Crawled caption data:
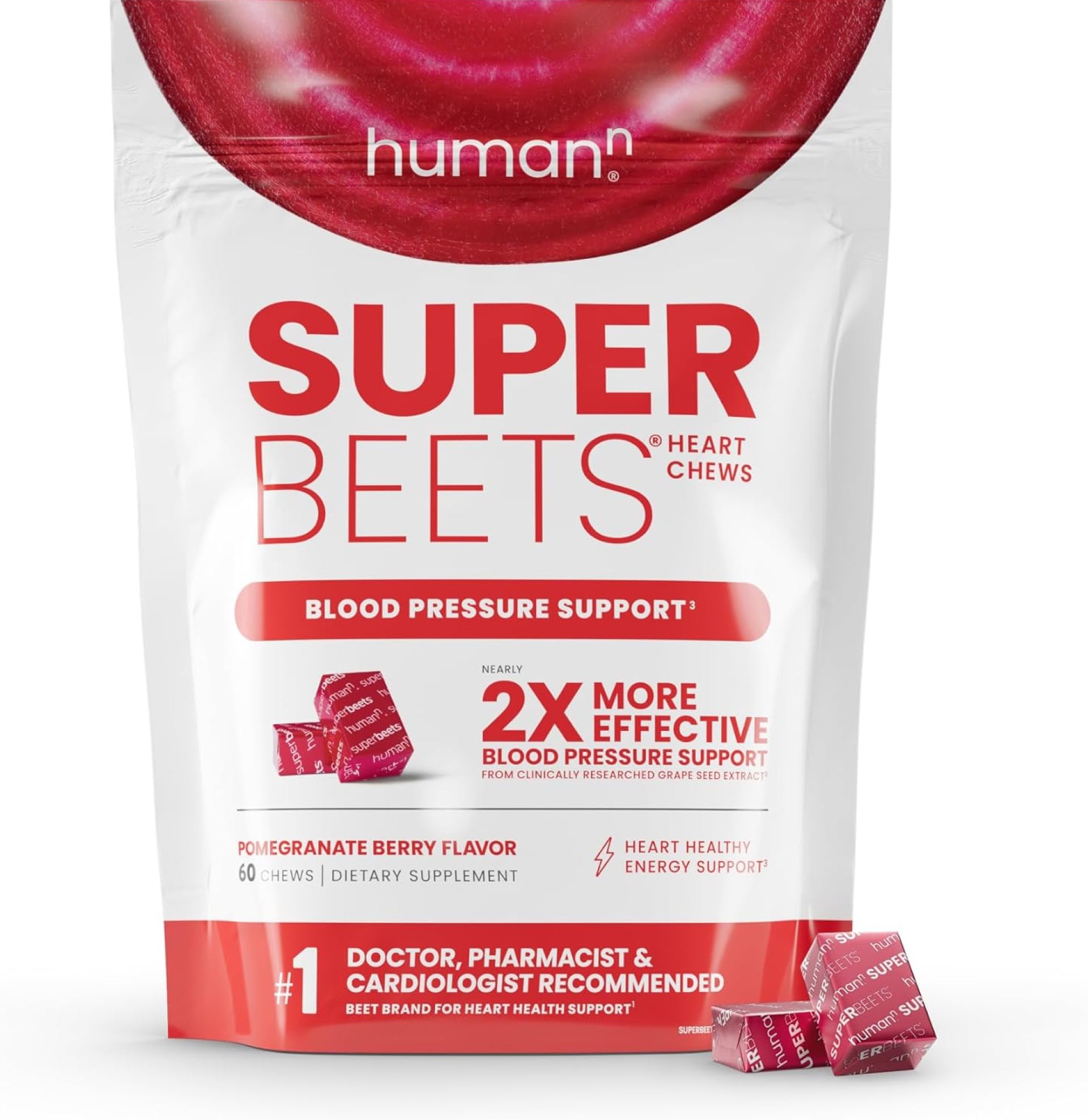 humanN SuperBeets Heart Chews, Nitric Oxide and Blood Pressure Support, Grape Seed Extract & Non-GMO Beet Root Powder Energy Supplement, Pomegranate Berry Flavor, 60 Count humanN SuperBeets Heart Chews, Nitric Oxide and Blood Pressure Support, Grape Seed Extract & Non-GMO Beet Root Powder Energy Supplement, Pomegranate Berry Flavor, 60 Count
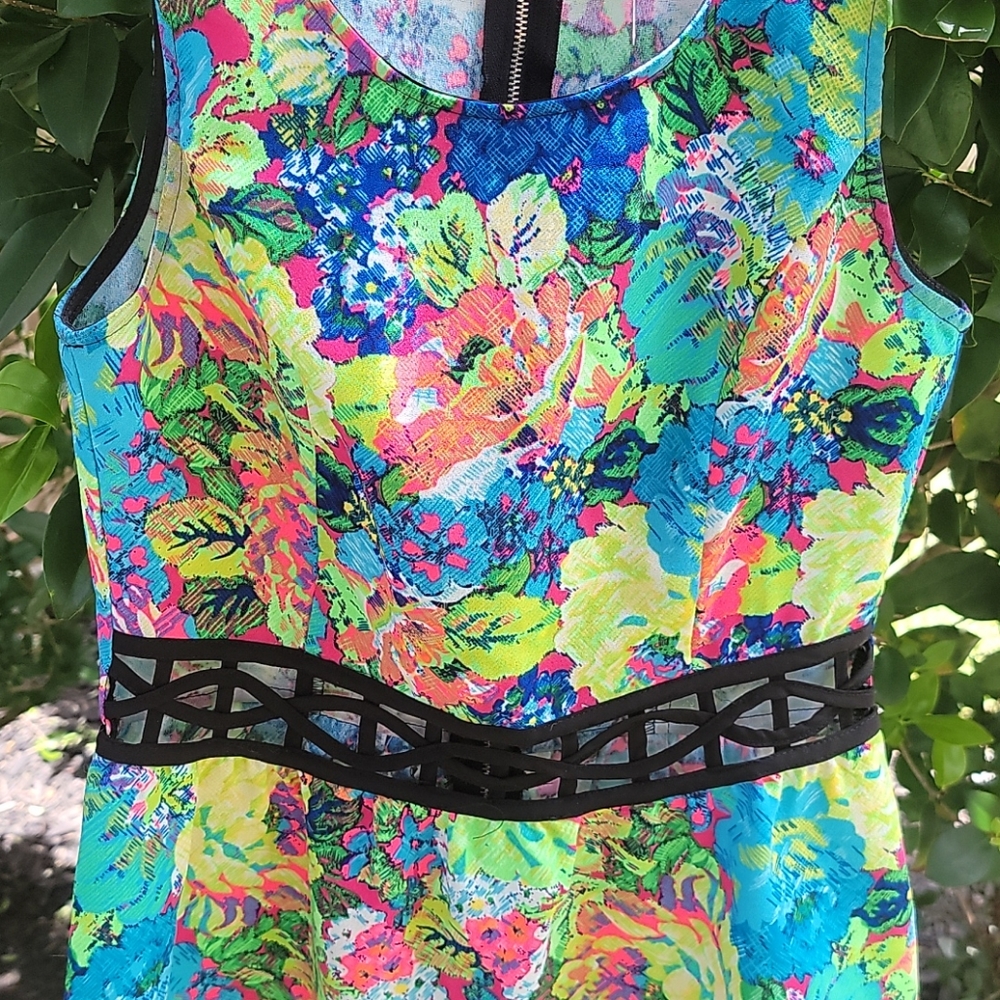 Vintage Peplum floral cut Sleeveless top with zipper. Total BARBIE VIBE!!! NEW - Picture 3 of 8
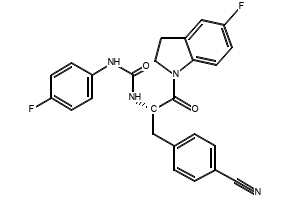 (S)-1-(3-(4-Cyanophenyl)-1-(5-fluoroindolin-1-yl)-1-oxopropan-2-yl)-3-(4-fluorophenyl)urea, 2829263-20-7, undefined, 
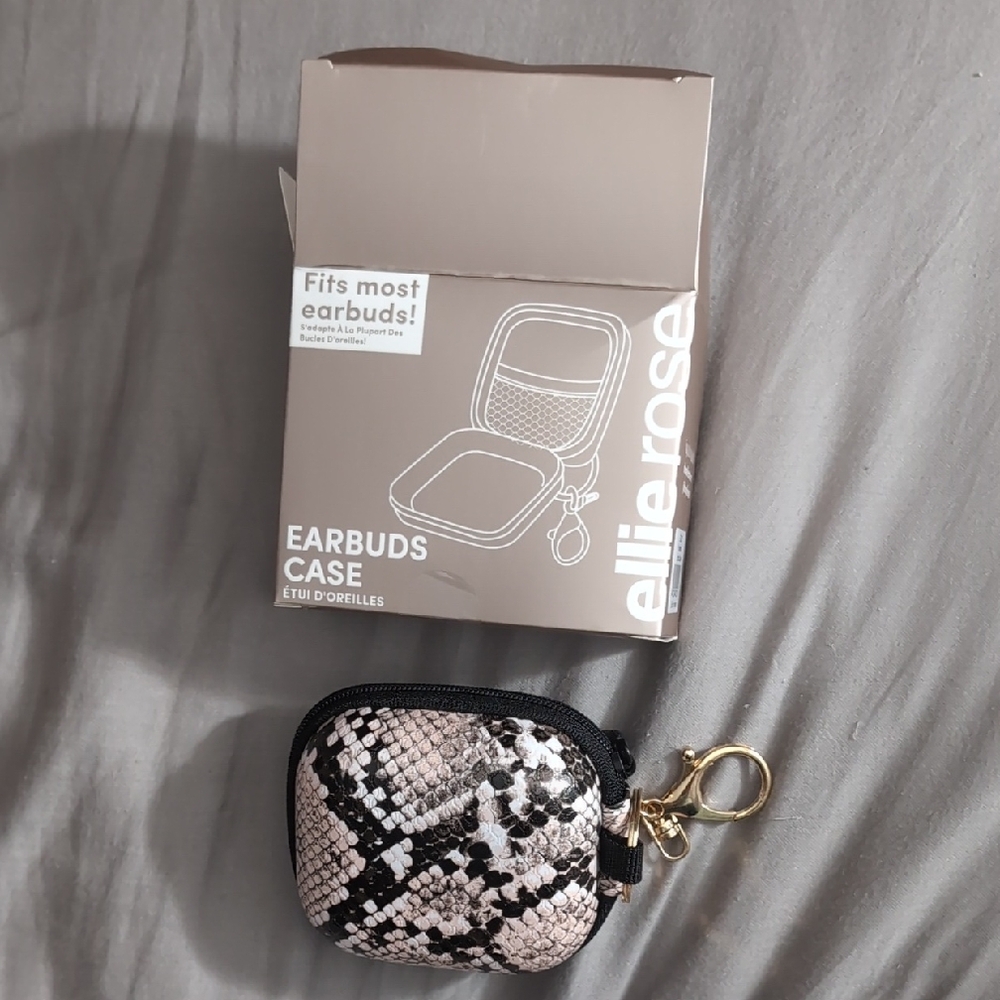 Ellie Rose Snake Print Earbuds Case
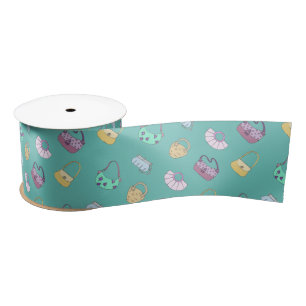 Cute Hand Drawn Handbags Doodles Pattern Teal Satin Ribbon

▶ [EXERCISE DESCRIPTION]:
Leaving all pictures aside, print exactly the lines from the one that contains "Vintage Peplum floral" through the last line of the data above, inclusive.

▶ [RESULT OF THIS TASK]:
 Vintage Peplum floral cut Sleeveless top with zipper. Total BARBIE VIBE!!! NEW - Picture 3 of 8
 (S)-1-(3-(4-Cyanophenyl)-1-(5-fluoroindolin-1-yl)-1-oxopropan-2-yl)-3-(4-fluorophenyl)urea, 2829263-20-7, undefined, 
 Ellie Rose Snake Print Earbuds Case
 Cute Hand Drawn Handbags Doodles Pattern Teal Satin Ribbon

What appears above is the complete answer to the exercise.